• **What the task requires**
Without the images, repeat every line of the listing exactly.

• **Data for this task**

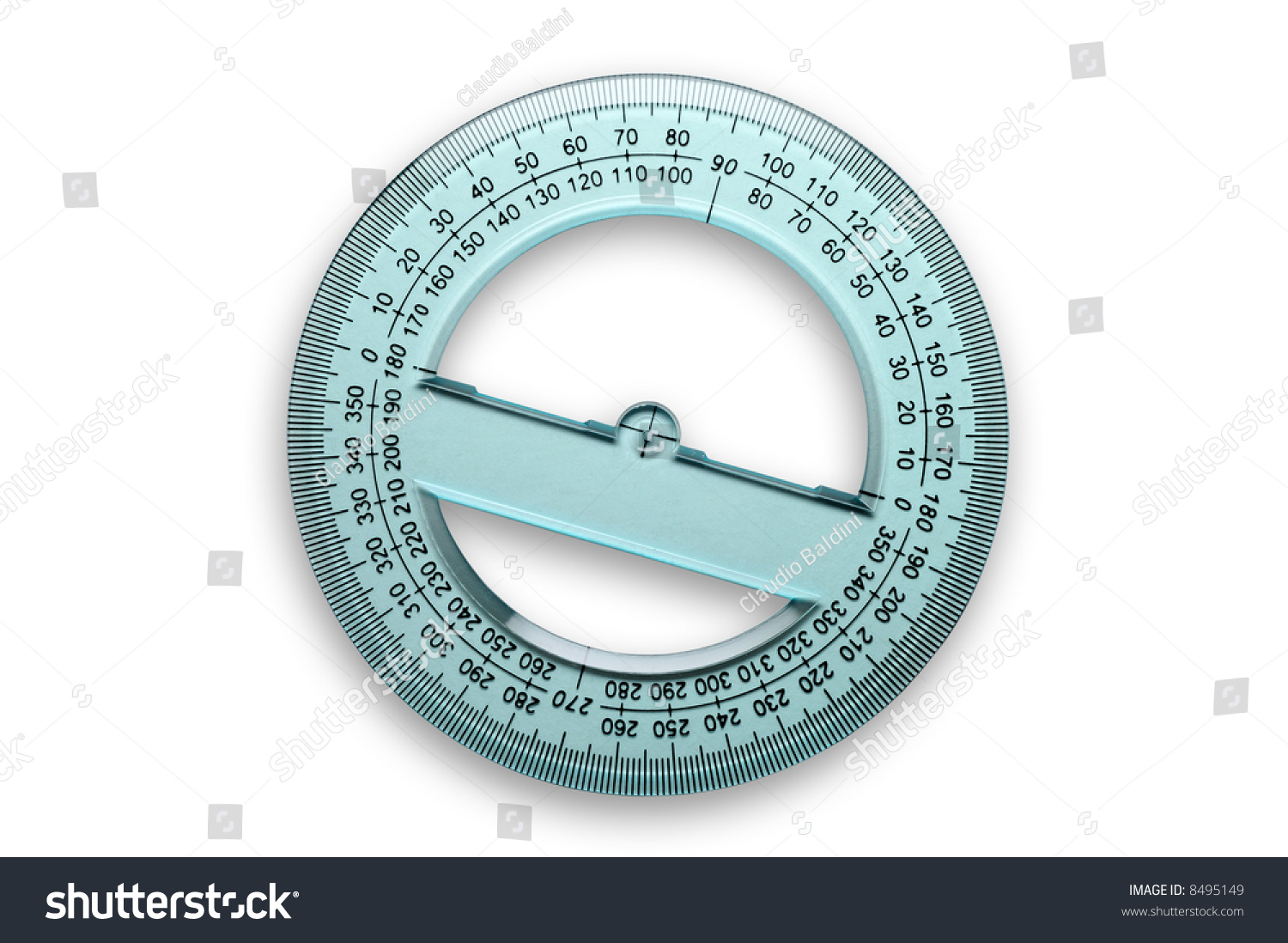 360 Degrees Protractor Stock Photo 8495149 Shutterstock   Stock Photo  Degrees Protractor 8495149 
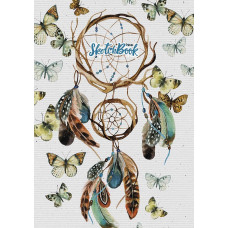 Блокнот-скетчбук Аркуш А5 без линівки 80 аркушів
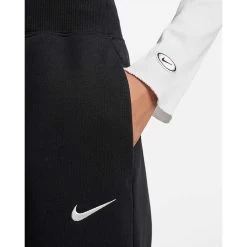 Nike Women's Fleece High Rise Pant Wide - Black -Sportswear Sales Store sportswear phoenix fleece womens high waisted wide leg sweatpants RZJZZH 1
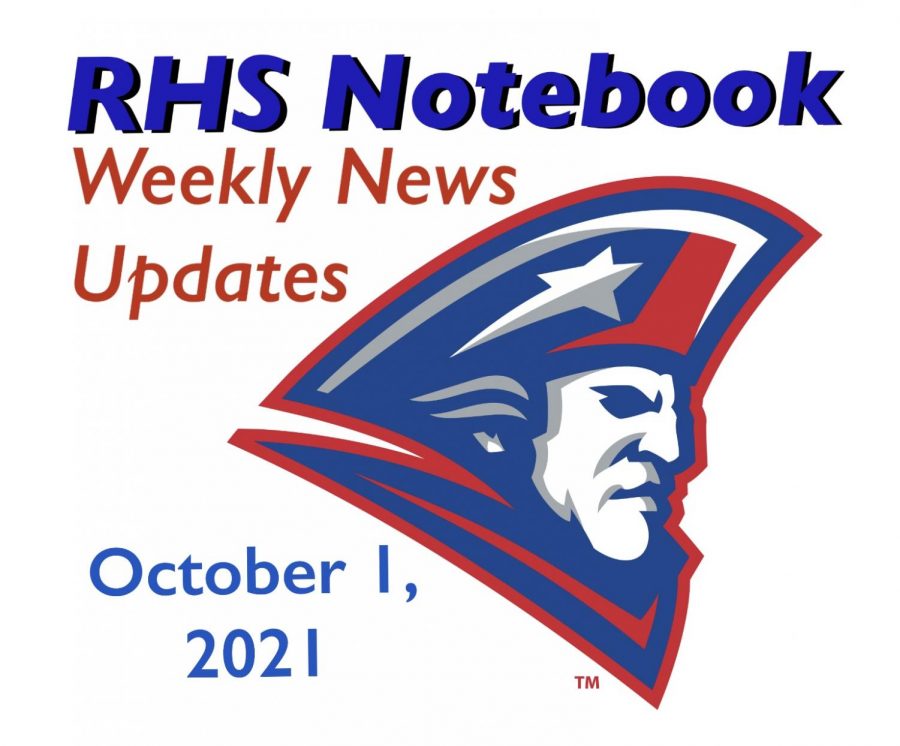 RHS Notebook: Week of October 1, 2021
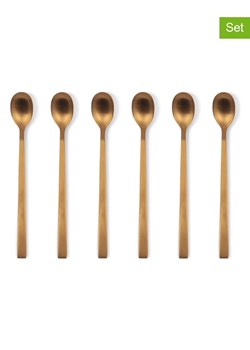 Vialli Design Łyżeczki koktajlowe (6 szt.) w kolorze złotym ze sklepu Limango Polska w kategorii Sztućce - zdjęcie 189405146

• **Result of the exercise**
 360 Degrees Protractor Stock Photo 8495149 Shutterstock   Stock Photo  Degrees Protractor 8495149 
 Блокнот-скетчбук Аркуш А5 без линівки 80 аркушів
 Nike Women's Fleece High Rise Pant Wide - Black -Sportswear Sales Store sportswear phoenix fleece womens high waisted wide leg sweatpants RZJZZH 1
 RHS Notebook: Week of October 1, 2021
 Vialli Design Łyżeczki koktajlowe (6 szt.) w kolorze złotym ze sklepu Limango Polska w kategorii Sztućce - zdjęcie 189405146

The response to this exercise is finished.